**What you will do**:
I'd like the entries reproduced exactly, with the images omitted.

[Given records — start]

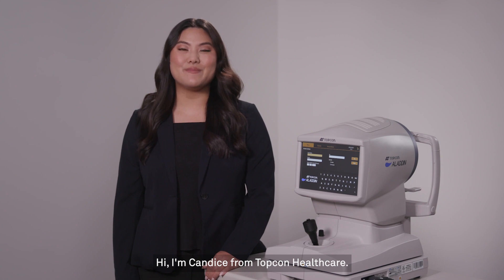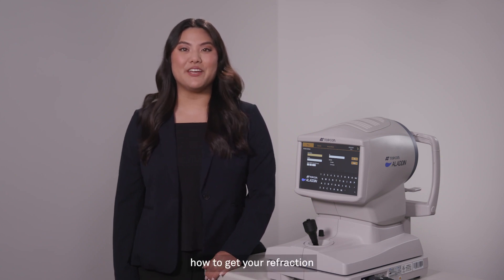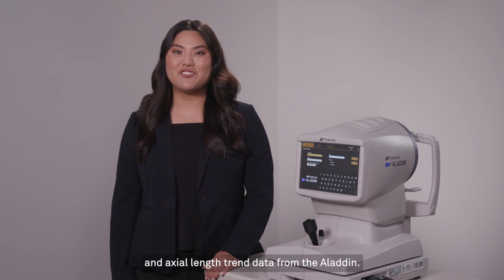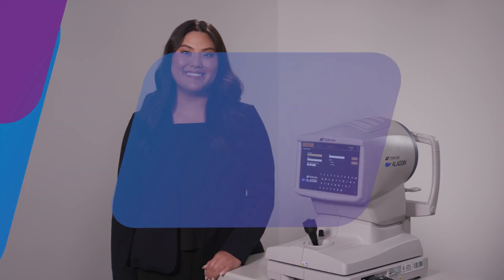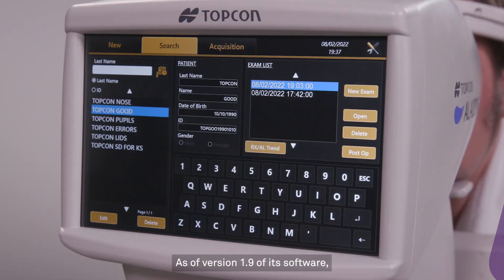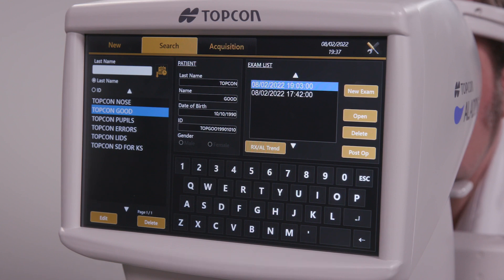Hi, I'm Candice from TopCon Healthcare. Today I'm going to show you how to get your refraction and axial length trend data from the Aladdin. As of version 1.9 of its software, the Aladdin offers the option to measure and track patient's myopic progression.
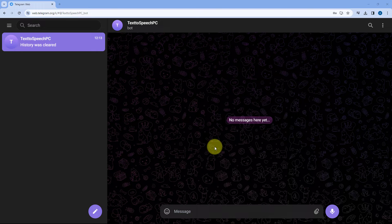Hello and welcome to Powerpeak. In this video, I'm going to show you how you can create a text-to-speech bot for Telegram.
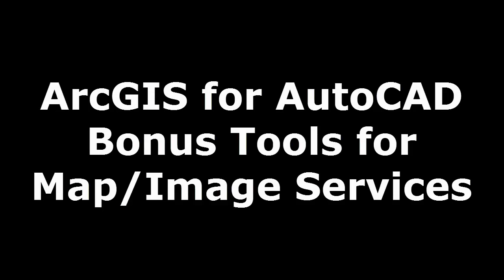This short video demonstrates the ArcGIS for AutoCAD bonus tools for working with map services. With the mosaic, each map service covers just a portion of the overall area.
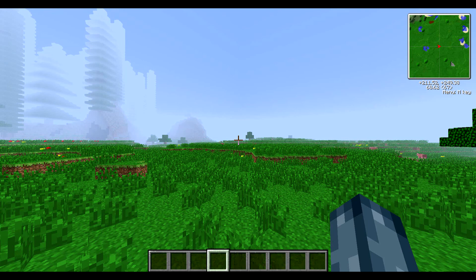Hey there guys, welcome back to another YouTube video. Today we're going to be showing you how to set up your own interdiction matrix. This is a method of defense for your base and will allow you to protect yourself and confiscate items, kill mobs, or prevent mobs spawning inside your area that you want to protect.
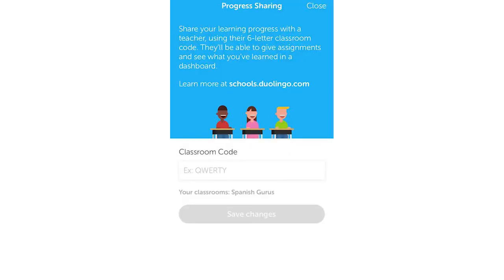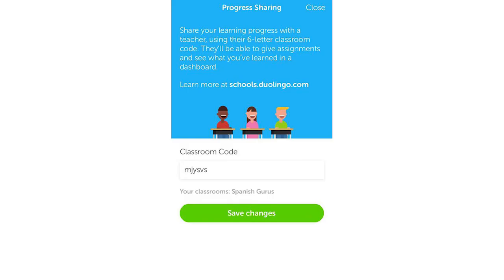So that progress sharing button you want to click on there. Then it's going to say progress sharing and you're going to have to put in your classroom code. If you do have a classroom code already you can type it in, or you can also send an email for this. If you know what classroom code you have, you just want to go ahead and type it in. If not, you can look up different types of classroom codes online for different languages etc. But I'm going to type in one of these codes right here just for an example.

[Given records — finish]

**Your solution**:
Hi, I'm Candice from TopCon Healthcare. Today I'm going to show you how to get your refraction and axial length trend data from the Aladdin. As of version 1.9 of its software, the Aladdin offers the option to measure and track patient's myopic progression.
Hello and welcome to Powerpeak. In this video, I'm going to show you how you can create a text-to-speech bot for Telegram.
This short video demonstrates the ArcGIS for AutoCAD bonus tools for working with map services. With the mosaic, each map service covers just a portion of the overall area.
Hey there guys, welcome back to another YouTube video. Today we're going to be showing you how to set up your own interdiction matrix. This is a method of defense for your base and will allow you to protect yourself and confiscate items, kill mobs, or prevent mobs spawning inside your area that you want to protect.
So that progress sharing button you want to click on there. Then it's going to say progress sharing and you're going to have to put in your classroom code. If you do have a classroom code already you can type it in, or you can also send an email for this. If you know what classroom code you have, you just want to go ahead and type it in. If not, you can look up different types of classroom codes online for different languages etc. But I'm going to type in one of these codes right here just for an example.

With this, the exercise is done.